WHEREAS,  Several of the states which have nominated Martin Van Buren as a candidate for the presidency, have put in nomination different individuals as candidates for Vice-President, thus indicating a diversity of opinion as to the person best entitled to the nomination; and whereas, some of the said states are not represented in this convention; therefore,

RESOLVED,  That the convention deem it expedient at the present time not to choose between the individuals in nomination, but to leave the decision to their republican fellow-citizens in the several states, trusting that before the election shall take place, their opinions will become so concentrated as to secure the choice of a Vice-President by the electoral college.


Generally speaking, most of this political platform is thoroughly liberal or libertarian, except for one glaring and unconscionable error.  Specifically, the party’s comments on slavery in the seventh clause above are repugnantly illiberal and unlibertarian.

It is really rather strange, for multiple reasons, that they would have written clause seven as they did.  For one, there were many Democrats who were strongly opposed to the institution of slavery.  Indeed, Jefferson himself, whom the party references in its ninth clause, was an abolitionist (despite hypocritically also being a slave-holder).  Northern Democrats, in particular, held much hostility to slavery.  There was, for example, the locofoco democrat William Leggett, who wrote vigorously against the institution of slavery.  Indeed, there was a whole Locofoco Party in New York, of whom Leggett was the leading intellectual.

Then there was the fact that Martin Van Buren, who was the presidential nominee of the party the same year it adopted this platform, who himself was a New York Democrat and an opponent of slavery.  In fact, it was this general opposition to slavery which led Van Buren and other anti-slavery Democrats (referred to collectively as “Barnburners”) to bolt from the party and join up with members of the abolitionist Liberty Party to form the Free Soil Party.

But perhaps most striking is the fact that this plank represents a complete misunderstanding of the issue.  Indeed, one of the things keeping slavery alive was federal intervention.  I’m thinking, of course, of the Fugitive Slave Laws, which were federal edicts dictating to northern states that they must return runaway slaves back to their masters in the southern states.  This repugnant federal intrusion made it more difficult for slaves to escape tyranny, for instead of merely having to get to a free state, slaves had to make it all the way up to Canada in order to avoid statist repression under the Fugitive Slave Laws.  If it weren’t for this federal intrusion, slaves escaping through the Underground Railroad would not have had to travel nearly as far to find freedom.  Thus, many abolitionists back in the day wanted to see the northern states secede from the slavery-supporting United States government.

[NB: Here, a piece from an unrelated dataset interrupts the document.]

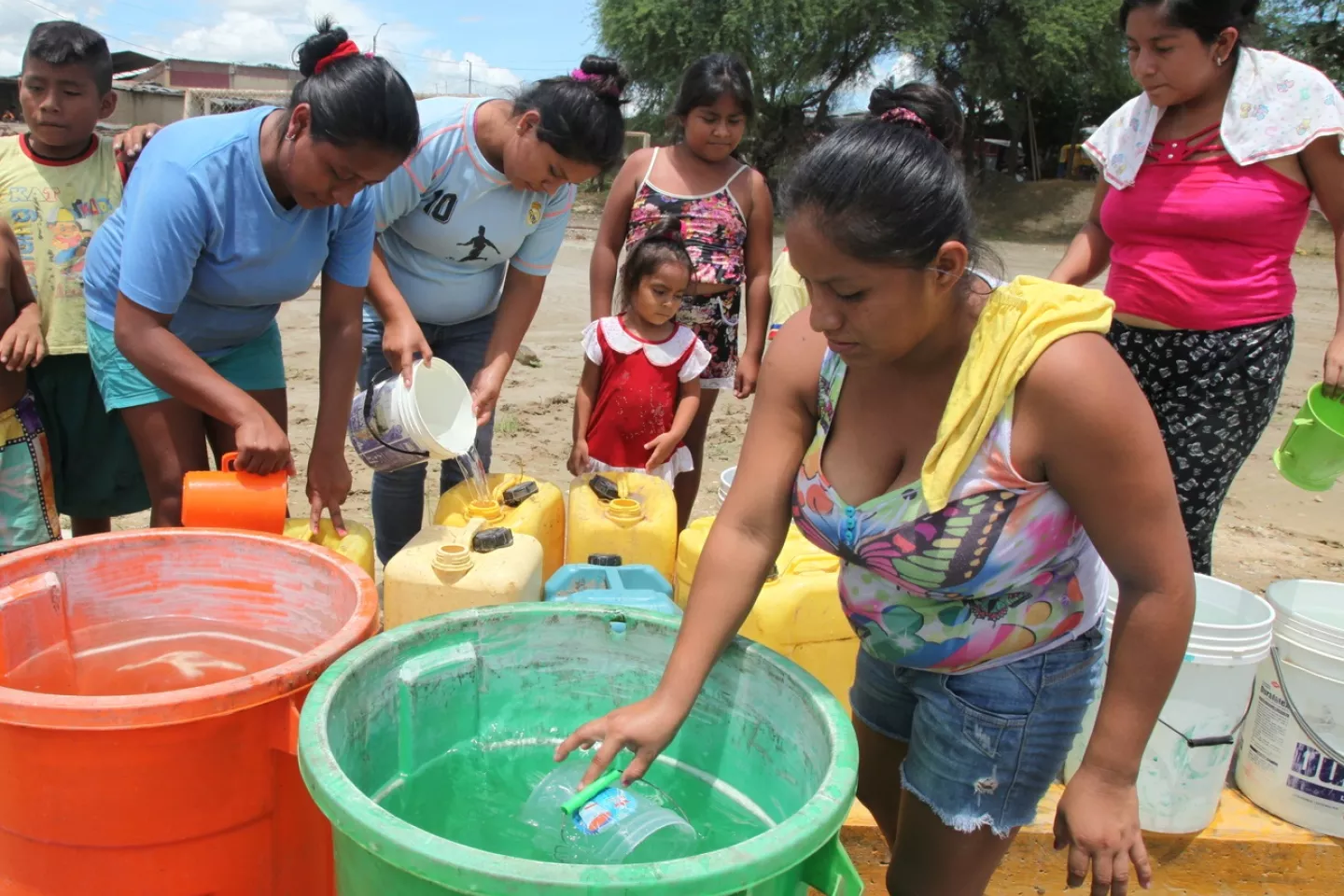 Mujeres recogen agua de baldes, mientras ni&ntilde;os miran desde atr&aacute;s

Luckily for many slaves who did make it to northern states, Jury Nullification was used to protect runaways from the federal government’s Fugitive Slave Laws.  Nevertheless, the point remains that it was the Fugitive Slave Laws, and not the abolitionists, that were the problem.  Thus, should we be surprised that five years after this convention, in 1845, the libertarian lawyer Lysander Spooner would write a book called The Unconstitutionality of Slavery, explaining that slavery, properly understood, has never been truly constitutional?

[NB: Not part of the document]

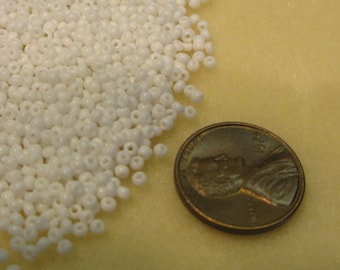 May include: A large pile of white seed beads, next to a UK penny for scale.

Slavery itself was only able to exist because of statism.  Without the state, an organised system of oppression, to protect slave-holders from prosecution for their violations of natural law, slaves would have found immediate emancipation.  But because there were (and remain) such institutions as states, institutions possessing the strength to protect oppressors from the righteous retribution of their victims, slaves were denied basic human rights.  That the Democrats of 1840 could not recognise the inherent evil of slavery, or the incontrovertible connection between it and statism, between it and big government, is frankly surprising.

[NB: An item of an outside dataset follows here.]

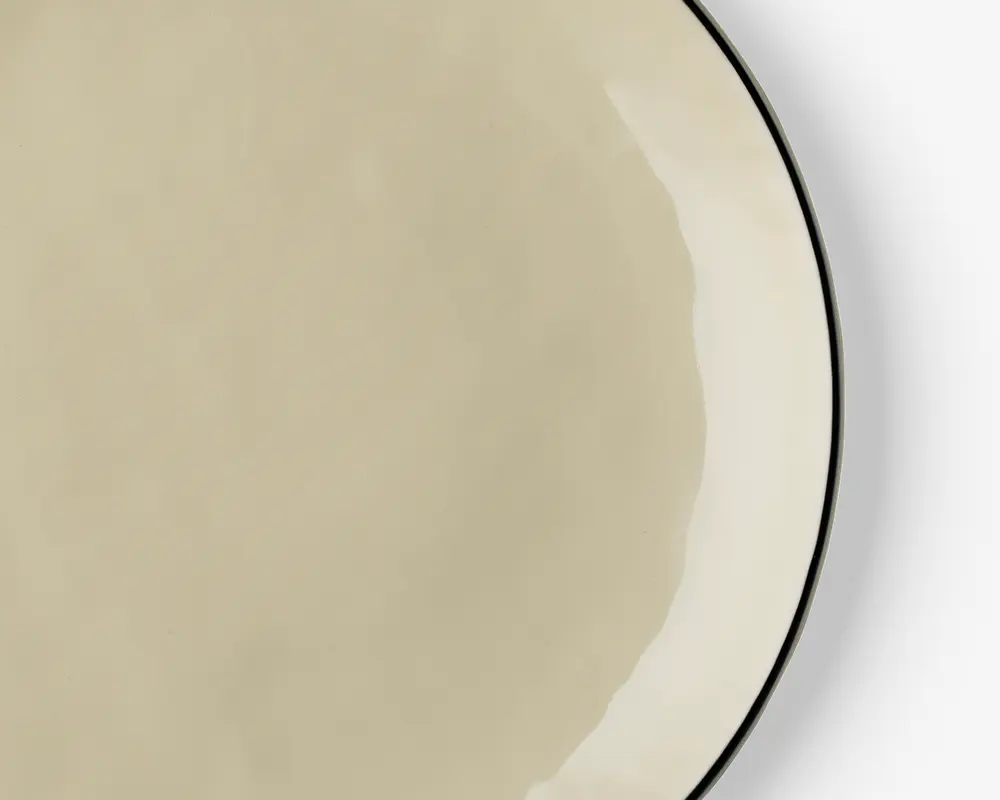 Et nærbillede af en rund, beige tallerken med en glat, blank overflade. Tallerkenen har en diskret, lidt mørkere kant og et minimalistisk design uden mønstre eller dekorationer. Overfladen virker jævn, og kanten er let buet.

Let us then turn to the libertarian Murray N. Rothbard, who in 1977 wrote that

From the 1850’s to the 1890’s the Republican party was almost exclusively the pietist party, known commonly as the “party of great moral ideas”; the Democratic party, on the other hand, was almost exclusively the liturgical party, and was known widely as the “party of personal liberty.”  Specifically, after the Civil War there were three interconnected local struggles that kept reappearing throughout America; in each case, the Republicans and Democrats played out this contrasting role.  These were: the attempt by pietist groups (almost always Republican) to enforce prohibition; the attempt by the same groups to enforce Sunday blue laws; and the attempt by the selfsame pietists to enforce compulsory attendance in the public schools, in order to use these schools to “Christianize” the Catholics.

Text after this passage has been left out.